High-level Topology Description
^^^^^^^^^^^^^^^^^^^^^^^^^^^^^^^
The below diagram shows the interaction between 2 .. n amphora instances from
each tenant and how they interact with the L3 network distributor.

::

                   Management                                        Front-End
  Internet         Network                                           Networks
  (World)                ║                                           (provider)
     ║                   ║            ┌─────────────────────────────┐    ║
     ║                   ║            │     Amphora of Tenant A     │    ║
  ┌──╨──────────┐        ║      ┌────┬┴──────────┬──────────────────┴┬───╨┐
  │             │        ╠══════╡MGMT│ns: default│ns: amphora-haproxy│f.e.│
  │             │        ║      │ IP ├-----------┼-------------------┤ IP │
  │             │        ║      └────┤    BGP    │    Anycast VIP    ├───╥┘
  │             │        ║           │   Speaker │    (loopback)     │   ║
  │             │        ║           └───────────┴──────────────╥────┘   ║
  │             │        ║                  |                   ║        ║
  │             │        ║                  |                   ║        ║
  │             │   Peering Session   1..*  |                   ║        ║
  │             │---------------------------+                   ║        ║
  │             │   {anycast VIP}/32 next-hop {f.e.

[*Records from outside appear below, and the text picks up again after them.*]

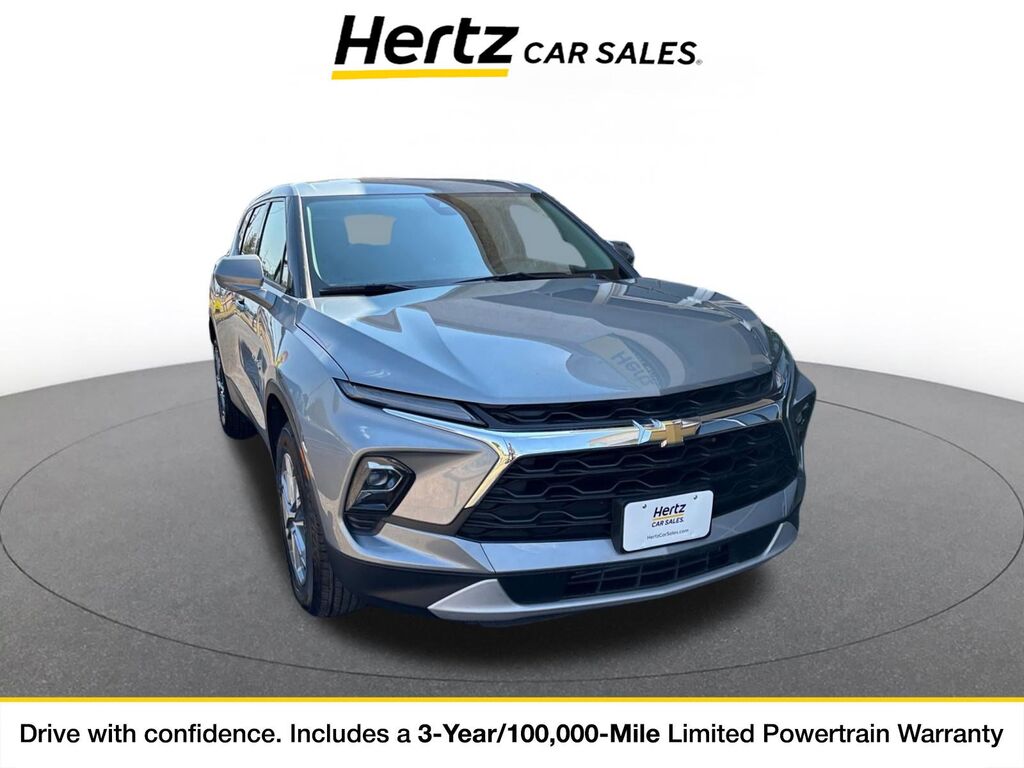 2026 Chevrolet Blazer LT — photo 1 of 11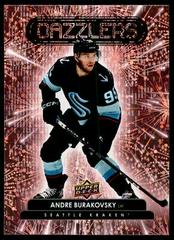 Andre Burakovsky [Pink] Hockey Cards 2022 Upper Deck Dazzlers Prices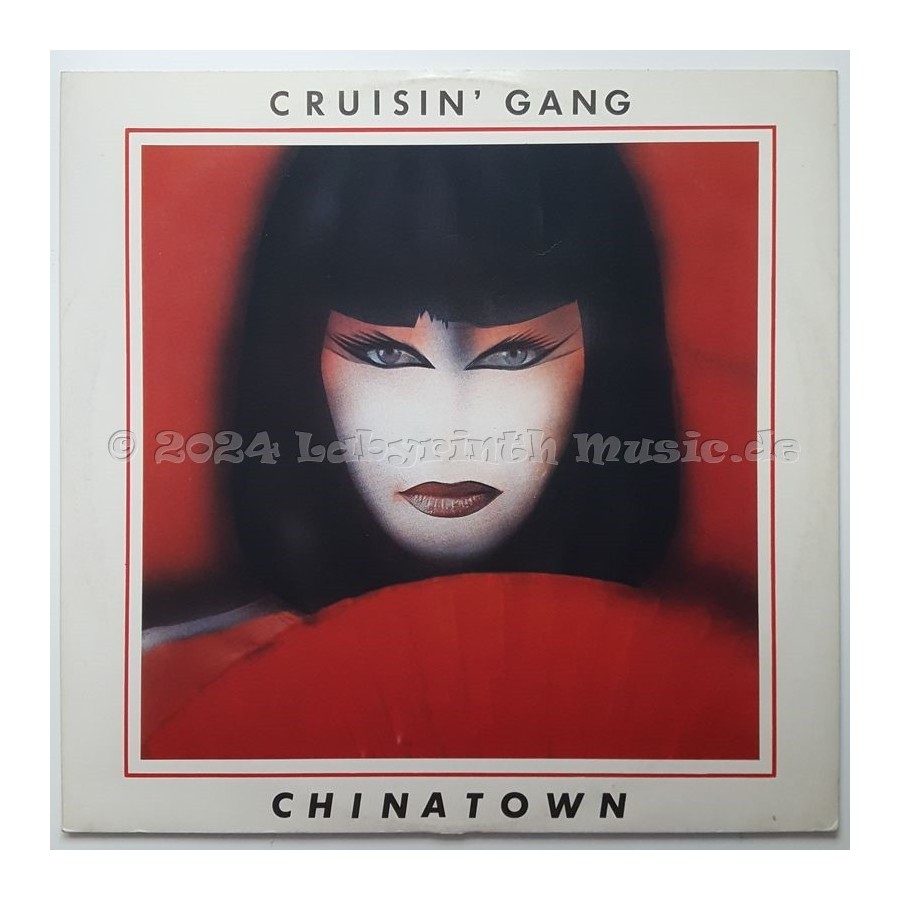 Cruisin' Gang - Chinatown • 12" Vinyl Maxi • EX - Labyrinth Music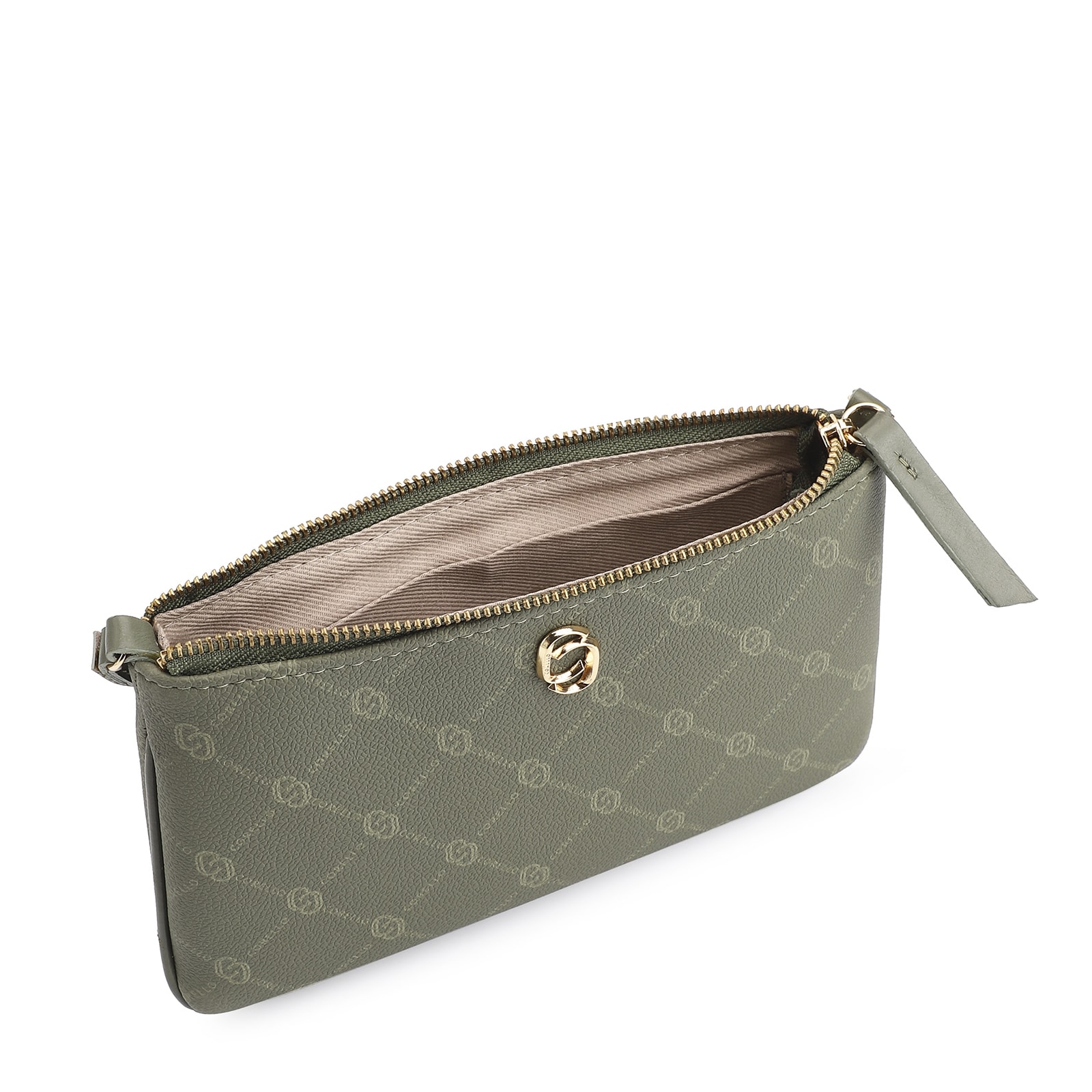 Bolsa Transversal Alt Monograma Verde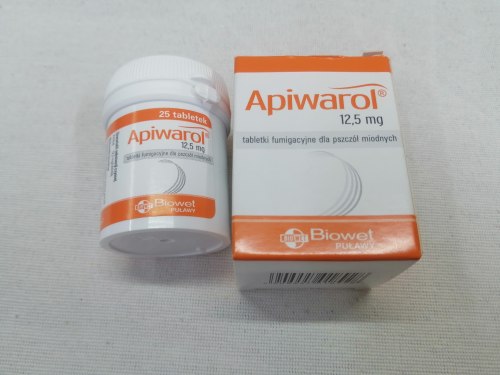 АПИВАРОЛ 12,5 мг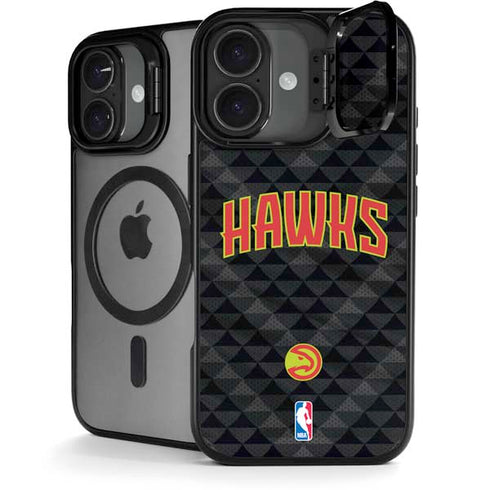 NBA Atlanta Hawks Team Jersey iPhone 17 Kickstand Case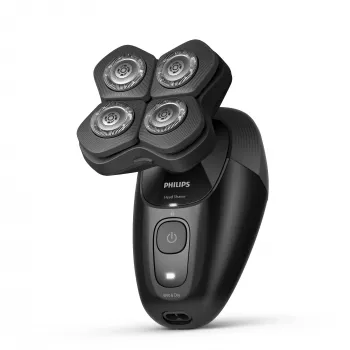 Galvas skuveklis Philips HS5980/15 ComfortCut asmeņi melns akumulators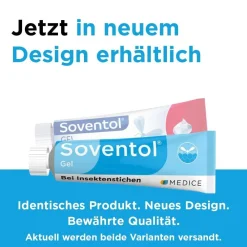 Soventol Gel bei Insektenstichen & Juckreiz auf der Haut> Best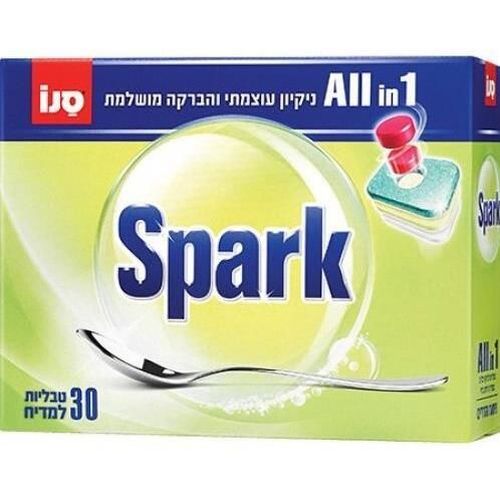 cumpără Detergent mașina de spălat vase Sano 280471/351910 Таблетки SPARK 30 шт. în Chișinău 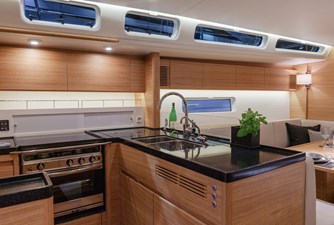 2026 X-Yachts X4⁹ 11 Galley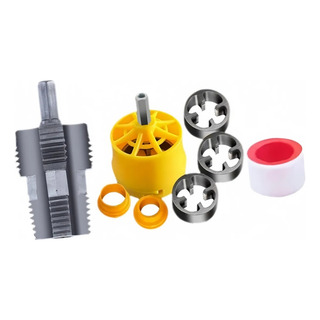 Kit De Ferramentas Para Rosquear Tubos De Pvc, 1/2 3/4 1 Kit De Ferramentas Para Rosquear Tubos De Pvc, 1/2 3/4 1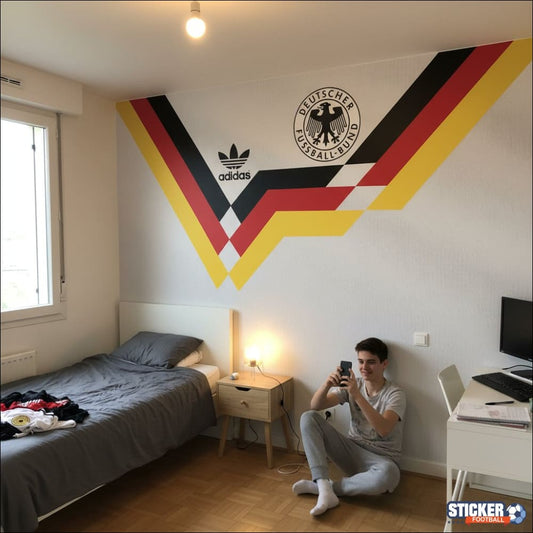 Visualisation Papier Peint Football Passion - Déco de Champion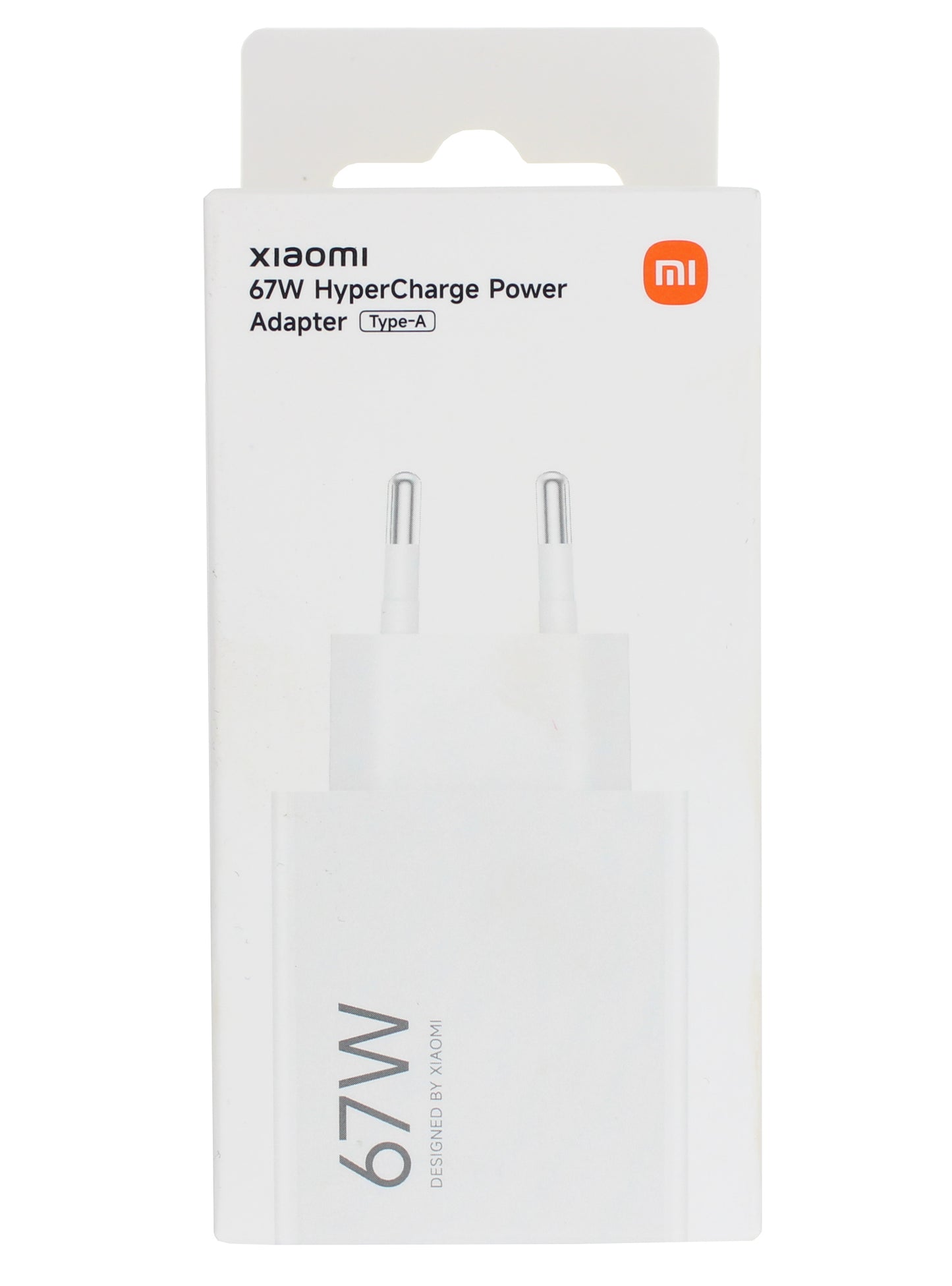 Xiaomi Netzladegerät, 67W, 6.2A, 1 x USB-A, Weiß BHR07SKEU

IP}         ║        ║
  │             │        ║                                      ║        ║
  │             │        ║            ┌─────────────────────────╨───┐    ║
  │             │        ║            │     Amphora of Tenant B     │    ║
  │             │        ║      ┌────┬┴──────────┬──────────────────┴┬───╨┐
  │             ╞════════╬══════╡MGMT│ns: default│ns: amphora-haproxy│f.e.│
  │             │        ║      │ IP ├-----------┼-------------------┤ IP │
  │             │        ║      └────┤    BGP    │    Anycast VIP    ├───╥┘
  │             │        ║           │   Speaker │    (loopback)     │   ║
  │             │        ║           └───────────┴──────────────╥────┘   ║
  │ Distributor │        ║                  |                   ║        ║
  │ (L3 Network)│        ║                  |                   ║        ║
  │             │   Peering Session   1..*  |                   ║        ║
  │             │---------------------------+                   ║        ║
  │             │   {anycast VIP}/32 next-hop {f.e. IP}         ║        ║
  │             │        ║                                      ║        ║
  │             │        ║            ┌─────────────────────────╨───┐    ║
  │             │        ║            │     Amphora of Tenant C     │    ║
  │             │        ║      ┌────┬┴──────────┬──────────────────┴┬───╨┐
  │             │        ╚══════╡MGMT│ns: default│ns: amphora-haproxy│f.e.│
  │             │               │ IP ├-----------┼-------------------┤ IP │
  │             │               └────┤    BGP    │    Anycast VIP    ├────┘
  │             │                    │   Speaker │    (loopback)     │
  │             │                    └───────────┴──────────────╥────┘
  │             │                           |                   ║
  │             │                           |                   ║
  │             │   Peering Session   1..*  |                   ║
  │             │---------------------------+                   ║
  │             │   {anycast VIP}/32 next-hop {f.e. IP}         ║
  │             │                                               ║
  │             ╞═══════════════════════════════════════════════Anycast
  └─────────────┘                     1..*                      Network

* Whenever a new active-active amphora is instantiated it will create BGP
  peering session(s) over the lb-mgmt-net to the L3 fabric. The BGP peer will
  need to have a neighbor definition in order to allow the peering sessions
  from the amphoras. In order to ease configuration, a neighbor statement
  allowing peers from the entire lb-mgmt-net IP prefix range can be defined:
  ``neighbor 10.10.10.0/24``

* The BGP peer IP can either be a route reflector (RR) or any other network
  device that will redistribute routes learned from the amphora BGP speaker.
  In order to help scaling, it is possible to peer with the ToR switch based on
  the rack the amphora instance is provisioned in. The configuration can be
  simplified by creating an ``anycast loopback interface`` on each ToR switch,
  which will provide a consistent BGP peer IP regardless of which rack or
  hypervisor is hosting the amphora instance.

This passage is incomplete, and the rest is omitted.